## [WHAT IS BEING ASKED]
The required output is an exact restatement of the lines, starting with the one that contains "Joujou Trucker Faux" and finishing with the last line of the listing. It contains no pictures.

#### EXCERPTED RECORDS ####

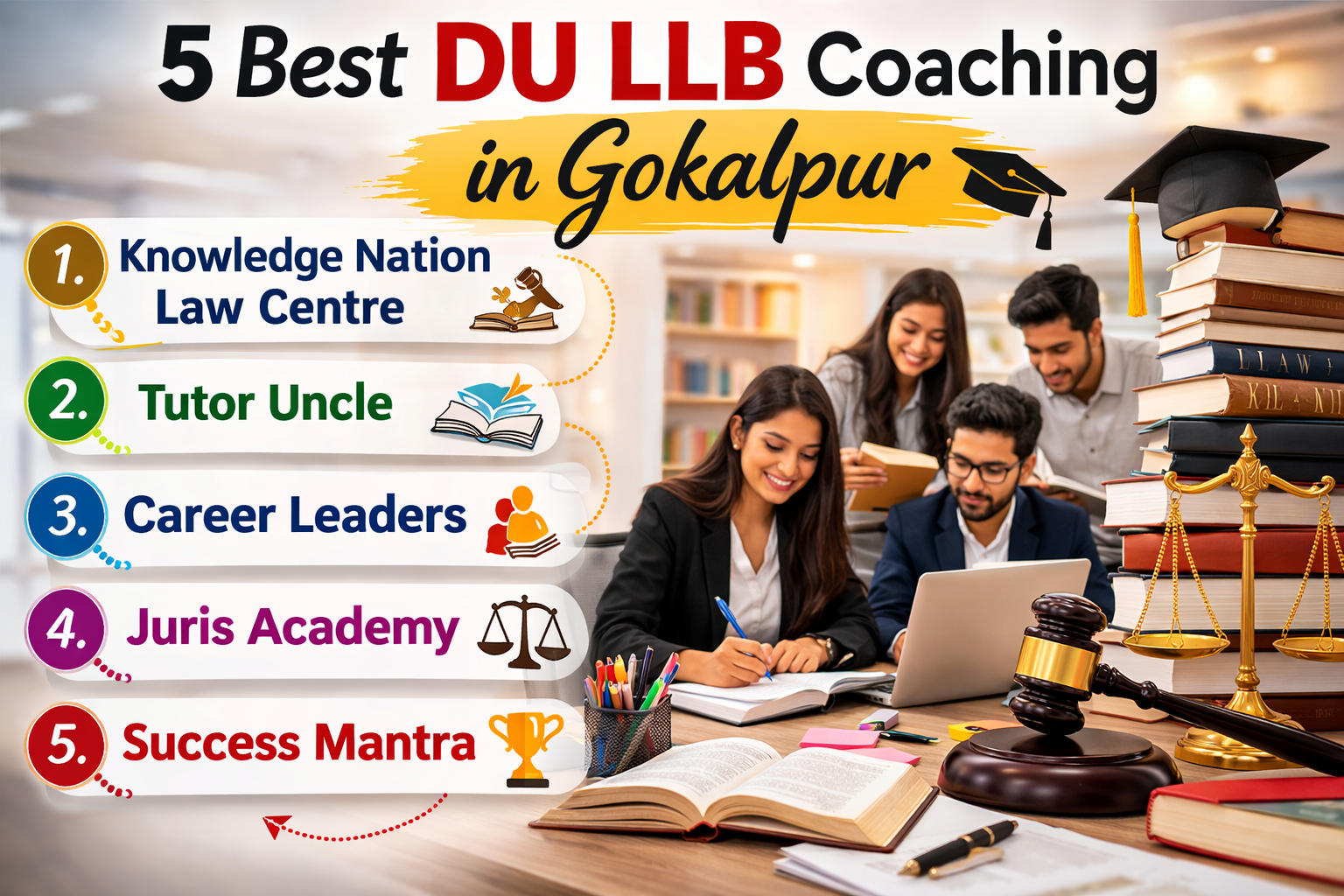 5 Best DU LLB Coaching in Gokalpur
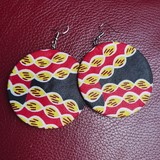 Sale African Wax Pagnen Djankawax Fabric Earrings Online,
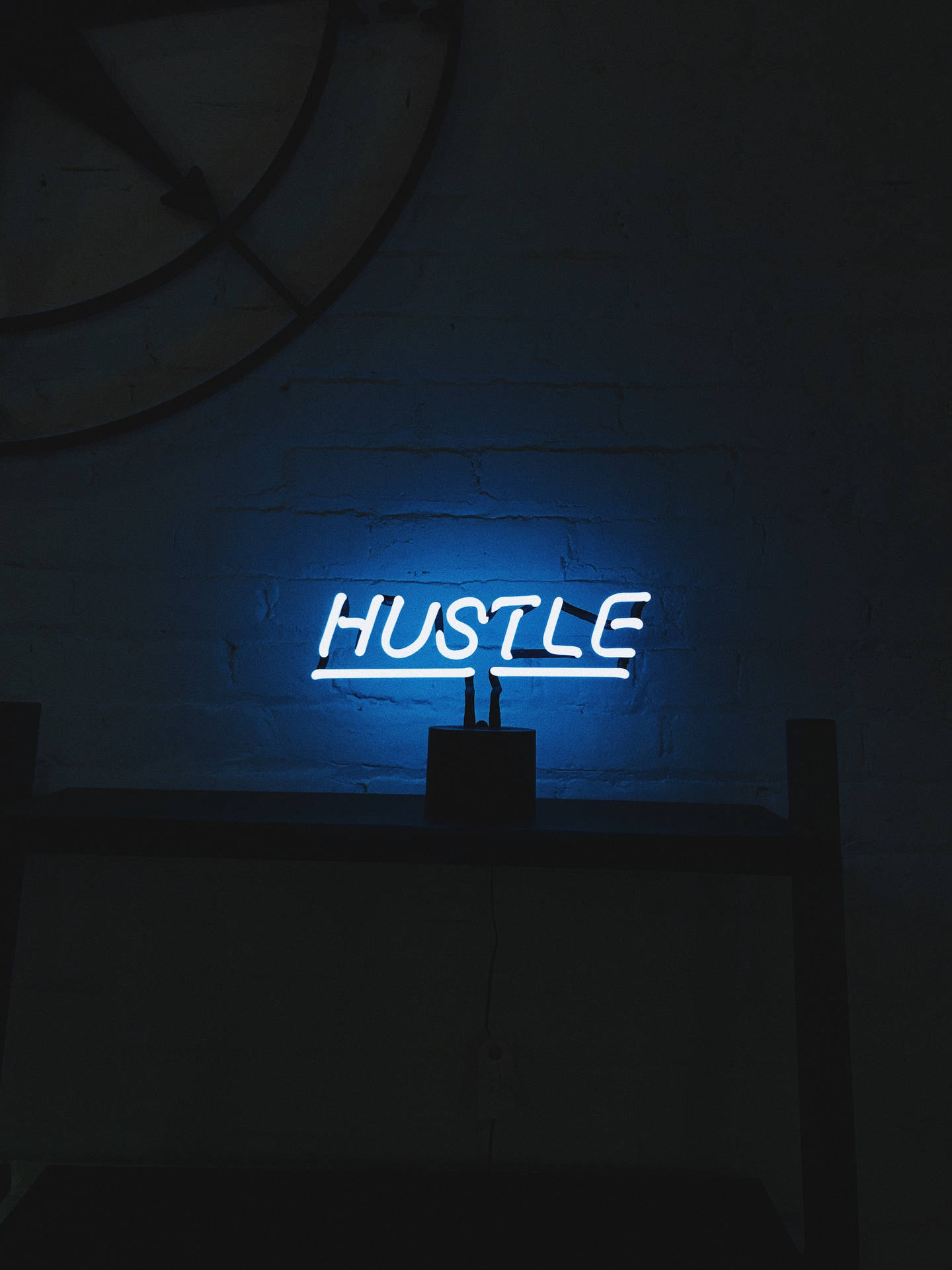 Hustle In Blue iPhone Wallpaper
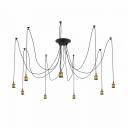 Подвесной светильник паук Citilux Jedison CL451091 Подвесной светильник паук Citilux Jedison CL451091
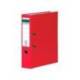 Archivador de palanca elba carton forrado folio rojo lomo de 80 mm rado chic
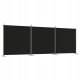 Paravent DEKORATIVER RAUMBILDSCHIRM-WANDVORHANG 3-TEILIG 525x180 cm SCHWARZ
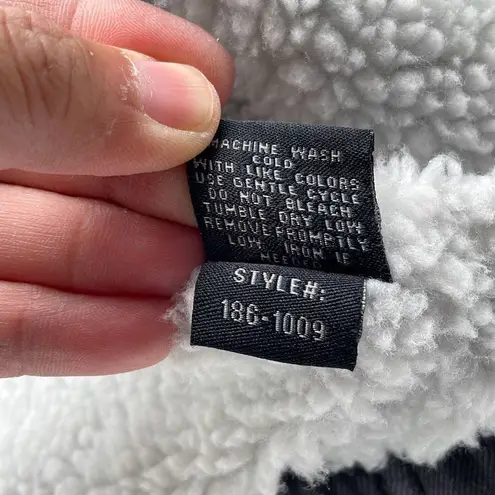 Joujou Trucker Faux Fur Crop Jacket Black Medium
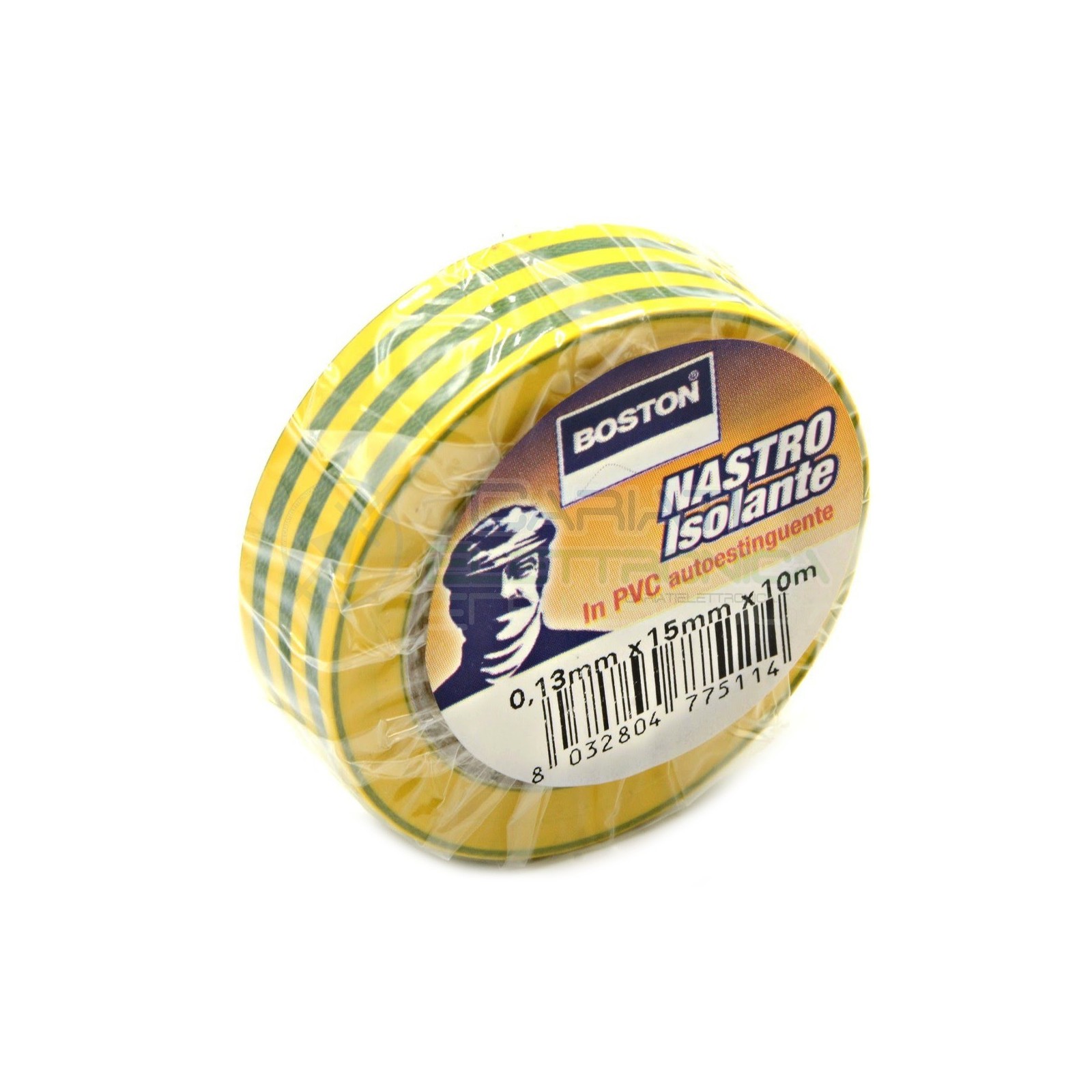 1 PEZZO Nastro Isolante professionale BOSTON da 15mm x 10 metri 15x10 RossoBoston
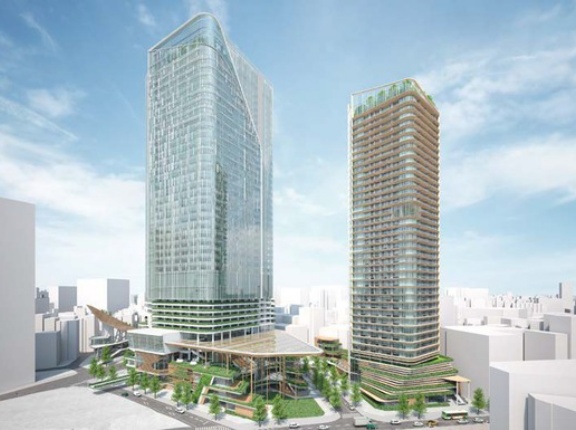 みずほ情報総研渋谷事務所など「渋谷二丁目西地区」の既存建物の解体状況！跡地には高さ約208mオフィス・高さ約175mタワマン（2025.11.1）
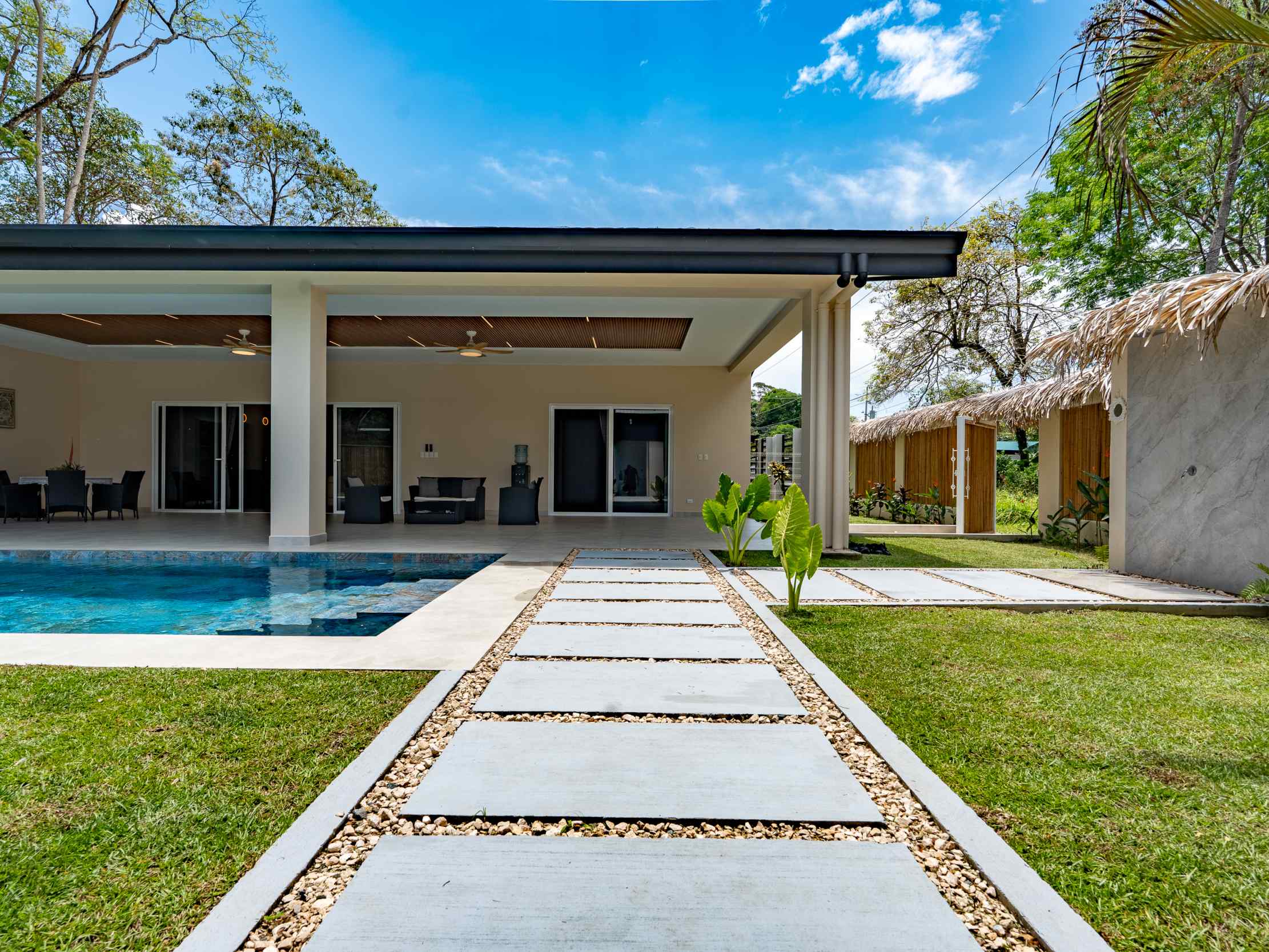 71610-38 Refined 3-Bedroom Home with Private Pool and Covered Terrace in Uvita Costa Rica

####

## [EXPECTED ANSWER]
 Joujou Trucker Faux Fur Crop Jacket Black Medium
 1 PEZZO Nastro Isolante professionale BOSTON da 15mm x 10 metri 15x10 RossoBoston
 みずほ情報総研渋谷事務所など「渋谷二丁目西地区」の既存建物の解体状況！跡地には高さ約208mオフィス・高さ約175mタワマン（2025.11.1）
 71610-38 Refined 3-Bedroom Home with Private Pool and Covered Terrace in Uvita Costa Rica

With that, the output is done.